Hoyt's New Cyclopedia Of Practical Quotations [edit]
- Quotes reported in Hoyt's New Cyclopedia Of Practical Quotations (1922), p. 864-67.
- I have mental joys and mental health,
Mental friends and mental wealth,
I've a wife that I love and that loves me;
I've all but riches bodily.- William Blake, Mammon.
- Since all the riches of this world
May be gifts from the devil and earthly kings,
I should suspect that I worshipped the devil
If I thanked my God for worldly things.- William Blake, Riches.
- But I have learned a thing or two; I know as sure as fate,
When we lock up our lives for wealth, the gold key comes too late.- Will Carleton, The Ancient Miner's Story.
- Midas-eared Mammonism, double-barrelled Dilettantism, and their thousand adjuncts and corollaries, are not the Law by which God Almighty has appointed this His universe to go.
- Thomas Carlyle, Past and Present, Chapter VI.
- Surplus wealth is a sacred trust which its possessor is bound to administer in his lifetime for the good of the community.
- Andrew Carnegie, Gospel of Wealth.
- Las necedades del rico por sentencias pasan en el mundo.
- The foolish sayings of the rich pass for wise saws in society.
- Miguel de Cervantes, Don Quixote, II. 43.
- Non esse cupidum, pecunia est; non esse emacem, vectigal est; contentum vero suis rebus esse, maximæ sunt, certissimæque divitiæ.
- Not to be avaricious is money; not to be fond of buying is a revenue; but to be content with our own is the greatest and most certain wealth of all.
- Cicero, Paradoxa, 6. 3.
- Give no bounties: make equal laws: secure life and prosperity and you need not give alms.
- Ralph Waldo Emerson, Wealth.
- Want is a growing giant whom the coat of Have was never large enough to cover.
- Ralph Waldo Emerson, Wealth.
- If your Riches are yours, why don't you take them with you to t'other world?
- Benjamin Franklin, Poor Richard (1751).
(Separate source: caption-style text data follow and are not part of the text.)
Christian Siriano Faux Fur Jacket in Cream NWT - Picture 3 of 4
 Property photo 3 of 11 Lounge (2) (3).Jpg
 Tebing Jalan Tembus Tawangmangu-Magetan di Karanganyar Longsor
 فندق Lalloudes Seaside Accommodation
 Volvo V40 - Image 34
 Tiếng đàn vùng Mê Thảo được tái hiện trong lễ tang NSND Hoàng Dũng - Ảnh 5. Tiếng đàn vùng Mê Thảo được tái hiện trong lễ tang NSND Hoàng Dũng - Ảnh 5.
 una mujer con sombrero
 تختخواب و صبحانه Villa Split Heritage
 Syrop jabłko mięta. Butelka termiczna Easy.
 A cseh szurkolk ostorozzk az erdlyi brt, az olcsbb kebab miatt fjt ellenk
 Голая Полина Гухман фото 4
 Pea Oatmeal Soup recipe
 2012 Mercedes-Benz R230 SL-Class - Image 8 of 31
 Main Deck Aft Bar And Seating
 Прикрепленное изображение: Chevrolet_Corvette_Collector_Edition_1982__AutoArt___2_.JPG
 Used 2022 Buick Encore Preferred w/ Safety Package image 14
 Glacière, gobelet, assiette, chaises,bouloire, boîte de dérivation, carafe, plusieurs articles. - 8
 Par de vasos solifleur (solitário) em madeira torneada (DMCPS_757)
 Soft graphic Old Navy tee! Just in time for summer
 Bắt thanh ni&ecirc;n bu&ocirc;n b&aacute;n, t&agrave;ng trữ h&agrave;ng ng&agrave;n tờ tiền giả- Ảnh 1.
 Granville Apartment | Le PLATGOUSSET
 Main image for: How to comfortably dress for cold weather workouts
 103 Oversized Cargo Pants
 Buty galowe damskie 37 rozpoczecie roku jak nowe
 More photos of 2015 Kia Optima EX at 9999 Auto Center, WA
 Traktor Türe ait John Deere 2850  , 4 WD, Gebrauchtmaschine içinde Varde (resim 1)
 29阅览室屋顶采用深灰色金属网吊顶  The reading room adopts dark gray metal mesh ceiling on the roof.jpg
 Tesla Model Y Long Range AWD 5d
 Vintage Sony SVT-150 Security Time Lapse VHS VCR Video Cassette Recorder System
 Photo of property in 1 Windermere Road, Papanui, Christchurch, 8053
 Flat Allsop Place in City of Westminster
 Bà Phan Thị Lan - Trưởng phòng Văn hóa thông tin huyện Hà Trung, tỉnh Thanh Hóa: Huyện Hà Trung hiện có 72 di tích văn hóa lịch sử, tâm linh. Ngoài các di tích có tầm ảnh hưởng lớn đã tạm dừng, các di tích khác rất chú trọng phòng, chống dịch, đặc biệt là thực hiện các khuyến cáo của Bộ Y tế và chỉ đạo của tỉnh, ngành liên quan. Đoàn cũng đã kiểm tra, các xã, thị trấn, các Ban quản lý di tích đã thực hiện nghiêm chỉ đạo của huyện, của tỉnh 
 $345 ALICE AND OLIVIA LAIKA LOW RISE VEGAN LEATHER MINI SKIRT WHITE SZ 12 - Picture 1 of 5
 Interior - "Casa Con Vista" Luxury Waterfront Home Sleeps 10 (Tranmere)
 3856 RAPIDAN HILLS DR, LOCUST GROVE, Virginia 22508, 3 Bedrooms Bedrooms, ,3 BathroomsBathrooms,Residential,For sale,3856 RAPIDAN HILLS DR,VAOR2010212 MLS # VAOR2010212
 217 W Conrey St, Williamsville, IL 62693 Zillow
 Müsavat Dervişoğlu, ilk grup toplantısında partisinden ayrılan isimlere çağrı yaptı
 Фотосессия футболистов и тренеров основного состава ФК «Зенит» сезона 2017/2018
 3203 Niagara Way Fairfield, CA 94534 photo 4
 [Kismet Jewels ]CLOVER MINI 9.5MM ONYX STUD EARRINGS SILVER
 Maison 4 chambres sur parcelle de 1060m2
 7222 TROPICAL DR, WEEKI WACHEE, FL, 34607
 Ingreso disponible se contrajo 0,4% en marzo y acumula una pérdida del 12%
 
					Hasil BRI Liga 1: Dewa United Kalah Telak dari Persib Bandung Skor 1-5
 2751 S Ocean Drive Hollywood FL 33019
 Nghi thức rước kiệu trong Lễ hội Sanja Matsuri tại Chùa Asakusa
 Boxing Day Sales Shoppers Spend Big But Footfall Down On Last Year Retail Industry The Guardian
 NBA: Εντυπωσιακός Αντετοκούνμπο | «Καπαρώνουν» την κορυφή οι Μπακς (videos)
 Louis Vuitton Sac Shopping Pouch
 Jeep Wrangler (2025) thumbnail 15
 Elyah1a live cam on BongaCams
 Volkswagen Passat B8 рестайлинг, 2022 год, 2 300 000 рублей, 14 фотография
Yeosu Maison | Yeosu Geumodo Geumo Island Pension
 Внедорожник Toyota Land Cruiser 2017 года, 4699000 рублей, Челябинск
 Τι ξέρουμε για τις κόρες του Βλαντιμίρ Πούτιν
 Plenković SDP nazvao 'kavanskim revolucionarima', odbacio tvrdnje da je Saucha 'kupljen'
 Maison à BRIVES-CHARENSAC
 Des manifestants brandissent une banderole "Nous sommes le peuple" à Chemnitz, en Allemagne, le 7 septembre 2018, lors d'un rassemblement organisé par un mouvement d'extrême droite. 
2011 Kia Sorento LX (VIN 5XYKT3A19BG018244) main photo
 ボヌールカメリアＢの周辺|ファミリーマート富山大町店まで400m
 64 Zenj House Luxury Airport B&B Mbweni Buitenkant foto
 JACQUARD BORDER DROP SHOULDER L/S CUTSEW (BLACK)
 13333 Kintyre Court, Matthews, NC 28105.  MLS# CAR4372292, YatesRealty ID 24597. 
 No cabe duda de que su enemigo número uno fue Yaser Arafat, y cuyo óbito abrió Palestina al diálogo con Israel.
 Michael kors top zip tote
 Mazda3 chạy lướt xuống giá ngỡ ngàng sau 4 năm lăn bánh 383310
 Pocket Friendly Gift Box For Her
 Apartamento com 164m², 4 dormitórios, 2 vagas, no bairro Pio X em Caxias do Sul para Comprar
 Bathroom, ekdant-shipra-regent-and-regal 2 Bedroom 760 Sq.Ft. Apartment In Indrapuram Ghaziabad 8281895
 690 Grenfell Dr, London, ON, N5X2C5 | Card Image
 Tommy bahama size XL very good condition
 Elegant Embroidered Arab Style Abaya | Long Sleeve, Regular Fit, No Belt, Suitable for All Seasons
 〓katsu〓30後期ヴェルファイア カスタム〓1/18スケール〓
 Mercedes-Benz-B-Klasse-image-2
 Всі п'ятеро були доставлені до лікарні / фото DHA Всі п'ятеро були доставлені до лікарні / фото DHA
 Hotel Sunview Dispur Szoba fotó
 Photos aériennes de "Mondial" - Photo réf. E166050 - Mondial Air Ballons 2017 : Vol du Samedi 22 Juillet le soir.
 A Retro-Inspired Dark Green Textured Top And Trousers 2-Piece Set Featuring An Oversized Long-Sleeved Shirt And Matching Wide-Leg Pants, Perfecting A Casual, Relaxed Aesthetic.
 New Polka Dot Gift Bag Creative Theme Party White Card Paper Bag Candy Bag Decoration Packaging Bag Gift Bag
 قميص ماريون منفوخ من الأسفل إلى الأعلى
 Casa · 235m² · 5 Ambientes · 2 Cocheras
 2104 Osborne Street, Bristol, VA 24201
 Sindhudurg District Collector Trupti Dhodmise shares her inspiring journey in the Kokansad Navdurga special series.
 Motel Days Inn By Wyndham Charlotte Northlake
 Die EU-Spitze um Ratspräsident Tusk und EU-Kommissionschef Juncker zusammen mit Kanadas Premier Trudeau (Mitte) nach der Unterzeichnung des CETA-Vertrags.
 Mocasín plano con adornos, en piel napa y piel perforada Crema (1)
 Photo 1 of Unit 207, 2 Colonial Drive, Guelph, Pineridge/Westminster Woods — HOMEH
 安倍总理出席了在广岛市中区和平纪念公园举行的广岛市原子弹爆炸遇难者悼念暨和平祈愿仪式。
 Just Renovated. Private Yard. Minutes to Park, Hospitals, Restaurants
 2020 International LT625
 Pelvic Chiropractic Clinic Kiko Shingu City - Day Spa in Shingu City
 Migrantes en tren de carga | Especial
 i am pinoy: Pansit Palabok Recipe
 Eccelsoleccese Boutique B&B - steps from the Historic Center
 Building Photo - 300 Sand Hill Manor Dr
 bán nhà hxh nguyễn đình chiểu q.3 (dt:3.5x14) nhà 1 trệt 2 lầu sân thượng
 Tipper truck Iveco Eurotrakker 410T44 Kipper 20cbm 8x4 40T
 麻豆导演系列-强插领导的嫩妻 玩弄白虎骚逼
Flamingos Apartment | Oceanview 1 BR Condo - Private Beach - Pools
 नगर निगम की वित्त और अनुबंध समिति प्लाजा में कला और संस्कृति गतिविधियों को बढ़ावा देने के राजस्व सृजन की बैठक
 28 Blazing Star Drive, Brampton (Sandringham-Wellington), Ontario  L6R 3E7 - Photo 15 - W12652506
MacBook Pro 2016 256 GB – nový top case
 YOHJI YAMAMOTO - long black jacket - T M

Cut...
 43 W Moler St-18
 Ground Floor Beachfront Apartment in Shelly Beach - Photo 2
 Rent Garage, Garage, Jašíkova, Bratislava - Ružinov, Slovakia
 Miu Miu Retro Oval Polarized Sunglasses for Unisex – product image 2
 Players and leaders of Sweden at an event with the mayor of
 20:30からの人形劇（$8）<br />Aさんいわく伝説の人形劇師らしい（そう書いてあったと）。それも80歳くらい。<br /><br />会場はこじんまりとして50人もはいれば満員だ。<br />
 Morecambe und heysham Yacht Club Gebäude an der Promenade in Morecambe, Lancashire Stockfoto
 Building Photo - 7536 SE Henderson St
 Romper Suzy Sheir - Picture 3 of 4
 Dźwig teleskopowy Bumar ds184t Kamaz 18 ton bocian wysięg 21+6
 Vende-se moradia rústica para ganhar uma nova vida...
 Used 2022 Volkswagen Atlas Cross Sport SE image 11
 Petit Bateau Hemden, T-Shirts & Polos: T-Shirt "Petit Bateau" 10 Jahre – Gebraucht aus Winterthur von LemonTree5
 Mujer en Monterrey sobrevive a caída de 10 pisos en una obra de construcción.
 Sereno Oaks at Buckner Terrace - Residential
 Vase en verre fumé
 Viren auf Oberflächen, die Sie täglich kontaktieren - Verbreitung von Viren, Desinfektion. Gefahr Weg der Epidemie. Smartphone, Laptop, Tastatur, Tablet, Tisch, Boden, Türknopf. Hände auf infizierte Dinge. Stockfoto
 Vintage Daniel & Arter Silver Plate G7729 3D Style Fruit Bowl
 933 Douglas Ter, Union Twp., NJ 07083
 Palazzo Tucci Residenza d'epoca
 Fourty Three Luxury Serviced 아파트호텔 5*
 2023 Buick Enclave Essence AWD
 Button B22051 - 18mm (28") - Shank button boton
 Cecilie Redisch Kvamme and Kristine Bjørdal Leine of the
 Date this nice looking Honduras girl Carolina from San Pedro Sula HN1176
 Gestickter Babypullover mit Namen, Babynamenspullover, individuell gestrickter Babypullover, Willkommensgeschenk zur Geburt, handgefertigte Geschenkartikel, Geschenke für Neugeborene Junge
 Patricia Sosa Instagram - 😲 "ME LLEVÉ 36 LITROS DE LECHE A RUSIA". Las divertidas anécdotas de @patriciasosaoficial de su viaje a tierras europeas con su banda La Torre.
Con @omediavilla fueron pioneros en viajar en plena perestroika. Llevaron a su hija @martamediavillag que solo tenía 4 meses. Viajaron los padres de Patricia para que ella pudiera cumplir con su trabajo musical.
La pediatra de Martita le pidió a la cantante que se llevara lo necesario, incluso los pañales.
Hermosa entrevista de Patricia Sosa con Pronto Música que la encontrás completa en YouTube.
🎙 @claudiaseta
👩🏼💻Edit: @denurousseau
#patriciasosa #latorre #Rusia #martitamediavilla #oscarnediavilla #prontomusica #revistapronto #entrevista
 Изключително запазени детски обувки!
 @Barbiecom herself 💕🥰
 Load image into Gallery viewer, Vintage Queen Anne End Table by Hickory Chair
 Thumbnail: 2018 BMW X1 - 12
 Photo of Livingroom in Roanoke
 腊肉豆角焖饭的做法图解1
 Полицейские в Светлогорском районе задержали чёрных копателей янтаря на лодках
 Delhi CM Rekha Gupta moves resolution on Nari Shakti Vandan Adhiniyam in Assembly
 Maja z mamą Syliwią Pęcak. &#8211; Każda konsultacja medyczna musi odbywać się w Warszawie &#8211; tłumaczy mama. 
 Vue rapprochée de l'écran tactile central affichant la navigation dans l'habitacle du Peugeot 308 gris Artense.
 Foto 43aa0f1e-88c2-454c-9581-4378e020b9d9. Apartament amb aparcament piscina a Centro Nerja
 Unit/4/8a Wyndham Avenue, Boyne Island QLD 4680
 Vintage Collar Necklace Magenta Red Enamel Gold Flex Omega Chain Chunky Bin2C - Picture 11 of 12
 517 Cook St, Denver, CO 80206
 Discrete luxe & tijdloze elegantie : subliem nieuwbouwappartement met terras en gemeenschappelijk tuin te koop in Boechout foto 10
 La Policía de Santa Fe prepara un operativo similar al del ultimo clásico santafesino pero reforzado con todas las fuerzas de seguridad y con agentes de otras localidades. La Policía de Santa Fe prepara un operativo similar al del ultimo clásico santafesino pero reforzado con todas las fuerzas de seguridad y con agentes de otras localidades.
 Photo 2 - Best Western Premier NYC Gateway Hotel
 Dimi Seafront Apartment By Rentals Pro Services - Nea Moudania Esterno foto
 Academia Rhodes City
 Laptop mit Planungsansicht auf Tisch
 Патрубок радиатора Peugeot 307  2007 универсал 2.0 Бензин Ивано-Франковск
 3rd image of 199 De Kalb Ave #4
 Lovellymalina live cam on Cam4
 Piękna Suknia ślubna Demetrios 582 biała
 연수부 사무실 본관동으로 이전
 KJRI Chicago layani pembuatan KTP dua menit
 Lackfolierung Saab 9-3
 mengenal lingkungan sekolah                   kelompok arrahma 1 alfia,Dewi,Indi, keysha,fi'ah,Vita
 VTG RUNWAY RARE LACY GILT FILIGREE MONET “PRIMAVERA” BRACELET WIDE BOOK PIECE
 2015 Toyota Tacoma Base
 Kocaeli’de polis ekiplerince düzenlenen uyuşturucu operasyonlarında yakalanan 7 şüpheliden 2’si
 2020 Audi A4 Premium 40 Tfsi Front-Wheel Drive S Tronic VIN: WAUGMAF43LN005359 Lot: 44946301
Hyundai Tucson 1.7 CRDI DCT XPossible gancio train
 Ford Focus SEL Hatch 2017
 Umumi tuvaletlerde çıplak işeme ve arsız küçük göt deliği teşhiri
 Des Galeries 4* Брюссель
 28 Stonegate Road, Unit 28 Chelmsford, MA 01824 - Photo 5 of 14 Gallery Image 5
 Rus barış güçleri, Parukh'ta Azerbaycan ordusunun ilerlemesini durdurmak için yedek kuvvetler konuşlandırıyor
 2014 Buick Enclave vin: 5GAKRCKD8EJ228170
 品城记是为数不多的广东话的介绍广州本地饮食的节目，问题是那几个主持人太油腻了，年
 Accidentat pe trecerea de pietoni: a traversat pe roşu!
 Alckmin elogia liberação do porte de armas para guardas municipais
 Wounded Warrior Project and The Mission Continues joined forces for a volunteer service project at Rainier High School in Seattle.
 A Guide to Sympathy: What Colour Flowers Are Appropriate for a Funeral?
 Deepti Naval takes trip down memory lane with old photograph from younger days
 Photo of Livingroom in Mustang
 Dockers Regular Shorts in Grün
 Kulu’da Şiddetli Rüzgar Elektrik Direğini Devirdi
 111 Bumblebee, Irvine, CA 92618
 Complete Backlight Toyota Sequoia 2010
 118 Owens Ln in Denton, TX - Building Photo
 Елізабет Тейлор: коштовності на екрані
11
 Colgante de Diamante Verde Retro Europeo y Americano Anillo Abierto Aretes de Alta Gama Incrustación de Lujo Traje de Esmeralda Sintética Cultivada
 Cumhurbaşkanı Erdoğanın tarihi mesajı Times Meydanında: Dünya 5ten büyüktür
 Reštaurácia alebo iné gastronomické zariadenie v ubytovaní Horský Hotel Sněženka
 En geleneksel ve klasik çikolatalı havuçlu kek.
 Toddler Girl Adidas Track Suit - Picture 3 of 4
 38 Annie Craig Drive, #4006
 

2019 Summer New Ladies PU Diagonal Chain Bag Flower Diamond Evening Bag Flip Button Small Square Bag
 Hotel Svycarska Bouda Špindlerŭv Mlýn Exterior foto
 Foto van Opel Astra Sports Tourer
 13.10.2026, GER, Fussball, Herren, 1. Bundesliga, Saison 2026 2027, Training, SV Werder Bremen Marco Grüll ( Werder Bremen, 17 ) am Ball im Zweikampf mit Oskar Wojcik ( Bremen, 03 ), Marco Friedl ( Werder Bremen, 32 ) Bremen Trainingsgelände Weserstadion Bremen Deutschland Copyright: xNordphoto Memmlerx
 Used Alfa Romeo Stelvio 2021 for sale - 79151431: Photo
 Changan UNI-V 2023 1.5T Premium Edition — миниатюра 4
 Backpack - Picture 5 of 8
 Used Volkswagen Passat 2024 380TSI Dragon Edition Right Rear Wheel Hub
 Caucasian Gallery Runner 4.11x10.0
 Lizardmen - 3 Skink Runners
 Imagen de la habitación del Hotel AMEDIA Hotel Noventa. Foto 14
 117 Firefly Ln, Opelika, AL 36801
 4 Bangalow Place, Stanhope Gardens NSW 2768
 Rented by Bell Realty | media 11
- Who hath not heard the rich complain
Of surfeits, and corporeal pain?
He barr'd from every use of wealth,
Envies the ploughman's strength and health.- John Gay, Fables (1727), The Cookmaid, Turnspit, and Ox.
- The ideal social state is not that in which each gets an equal amount of wealth, but in which each gets in proportion to his contribution to the general stock.
- Henry George, Social Problems, Chapter VI.
- And to hie him home, at evening's close,
To sweet repast, and calm repose.
* * *
From toil he wins his spirits light,
From busy day the peaceful night;
Rich, from the very want of wealth,
In heaven's best treasures, peace and health.- Thomas Gray, Ode on the Pleasure Arising from Vissisitude, line 87. Last two lines said to have been added by the Rev. William Mason, Gray's biographer.
- A little house well fill'd, a little land well till'd, and a little wife well will'd, are great riches.
- Written in a copy of the Grete Herbal (1516). "A little farm well tilled, / A little barn well filled, / A little wife well willed— / Give me, give me." As adapted by James Hook in The Soldier's Return.
- Dame Nature gave him comeliness and health,
And Fortune (for a passport) gave him wealth.- W. Harte, Eulogius, 411.
- For wealth, without contentment, climbs a hill,
To feel those tempests which fly over ditches.- George Herbert, The Church Porch, Stanza 19.
- It cannot be repeated too often that the safety of great wealth with us lies in obedience to the new version of the Old World axiom—Richesse oblige.
- Oliver Wendell Holmes, Sr., A Mortal Antipathy, Introduction.
- Base wealth preferring to eternal praise.
- Homer, The Iliad, Book XXIII, line 368. Pope's translation.
- These riches are possess'd, but not enjoy'd!
- Homer, The Odyssey, Book IV, line 118. Pope's translation.
- Know from the bounteous heavens all riches flow;
And what man gives, the gods by man bestow.- Homer, The Odyssey, Book XVIII, line 26. Pope's translation.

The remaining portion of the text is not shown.